_WHAT YOU WILL DO_
Repeat the lines of the data exactly and exclude any picture among them.

START DATA EXTRACT

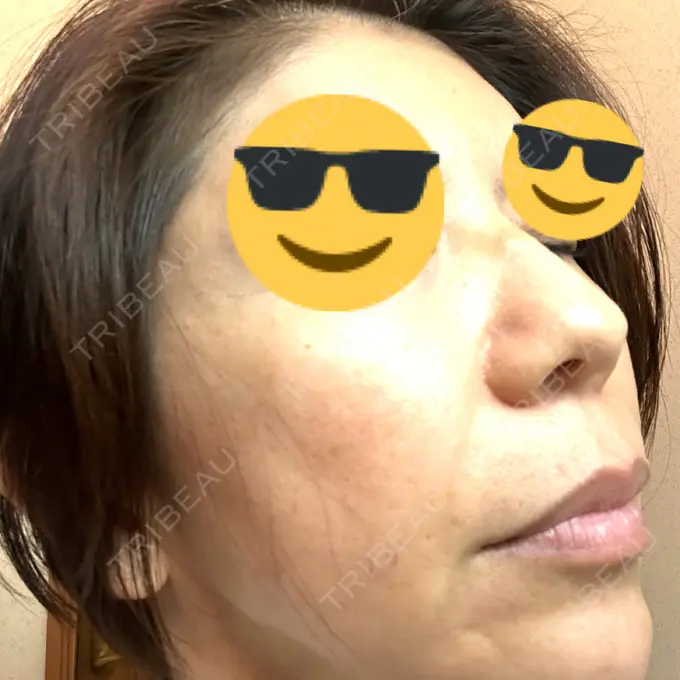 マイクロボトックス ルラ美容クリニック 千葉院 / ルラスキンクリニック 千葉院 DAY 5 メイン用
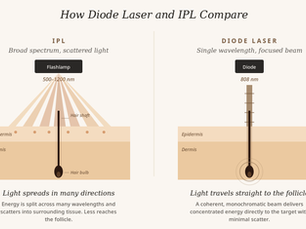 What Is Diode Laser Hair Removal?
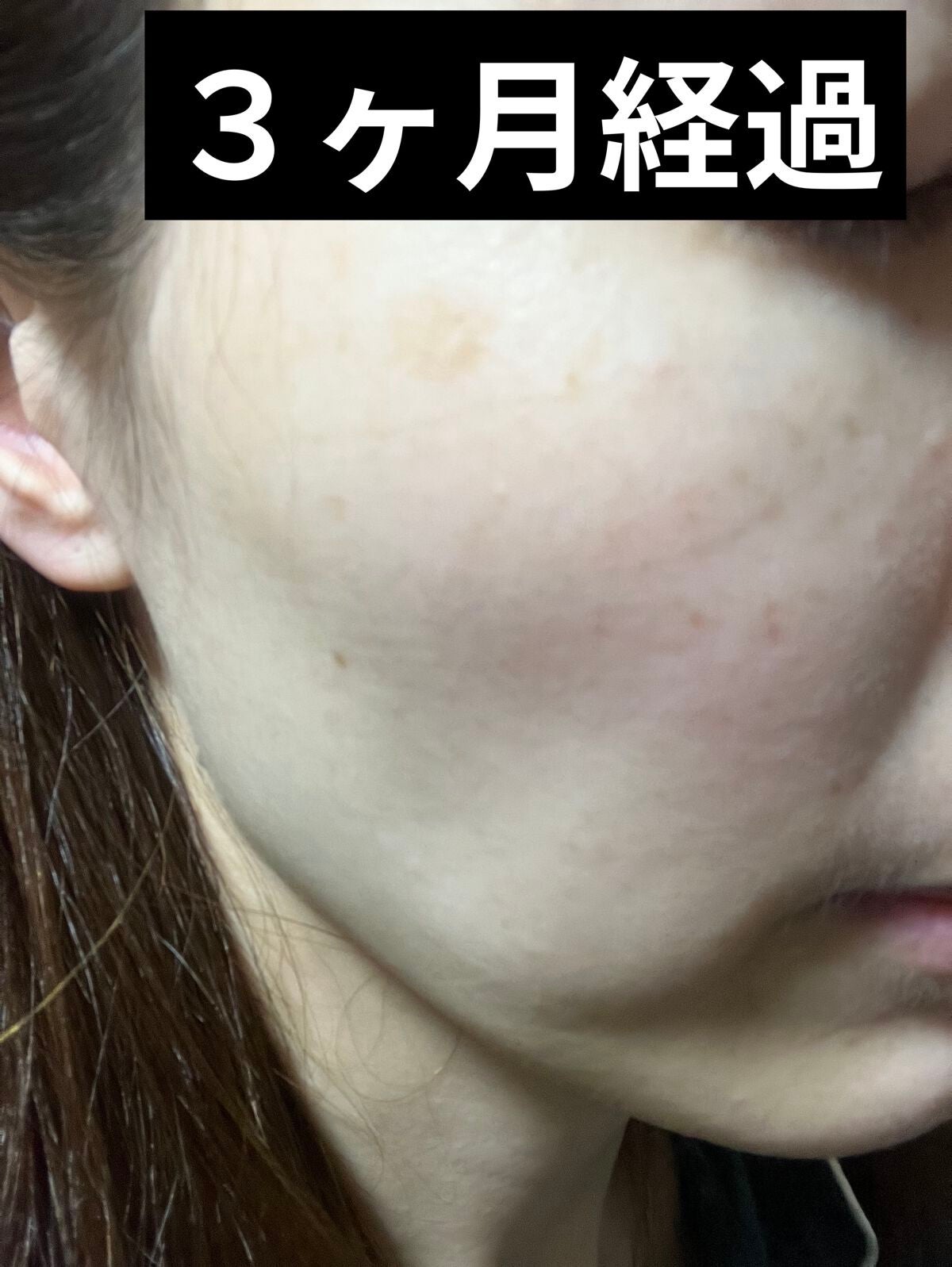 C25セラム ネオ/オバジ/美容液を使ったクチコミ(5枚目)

END DATA EXTRACT

_YOUR RESPONSE_
 マイクロボトックス ルラ美容クリニック 千葉院 / ルラスキンクリニック 千葉院 DAY 5 メイン用
 What Is Diode Laser Hair Removal?
 C25セラム ネオ/オバジ/美容液を使ったクチコミ(5枚目)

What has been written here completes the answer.